IT vendors and pundits alike (including yours truly) have been talking about the possibility for years now: that non-techie end-users would be able to assemble their own applications, on the fly, for whatever need they may have. Mashups and enterprise mashups come tantalizingly close to this reality. IT managers can do what they do best -- worry about scalability, uptime, security and standards compliance on the back end or in the backbone -- and leave many of the use cases for users themselves to sort out.
Easy as 1-2-3? Can 'citizen developers' do what it takes?
Ann All coined the term BYOA, or "build your own app," to describe the phenomenon.
This kind of thinking is leaching into the mainstream, as evidenced by a new BBC report by Fiona Graham which speculates that we are entering the era of BYOA:
"Creating apps - something that is done only by those initiated into the secret languages of computer software, the developers. Or is it? If you're putting together something on the scale of Adobe Photoshop from the bottom up, well, yes. But for the slightly less ambitious, there's a growing number of platforms that allow 'citizen developers' to put together business process applications tailored to their own way of working. And you don't need a line of code to do it."
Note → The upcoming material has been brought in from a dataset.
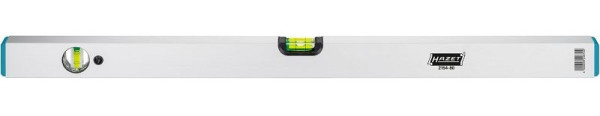 Hazet waterpas 80 cm, 2154-80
This is a question we need to put to members of the enterprise IT community: Is BBC's Graham on to something, or is this mainstream media pipe dreaming?
She cites the cloud-based offering of Podio, which is essentially an online work platform that lets end-users build their own apps from an online app store and manage various business process and manage projects centrally, with a built in social layer.
Salesforce's Tim Barker says we're seeing more what he calls "citizen developers." But citizen developers have been around since PCs first became popular, he adds -- users have building building their own front-end apps for some time through the likes of Excel or Access. The difference now is mobile technologies and social media are putting new, easy-to-use tools into the hands of all end-users.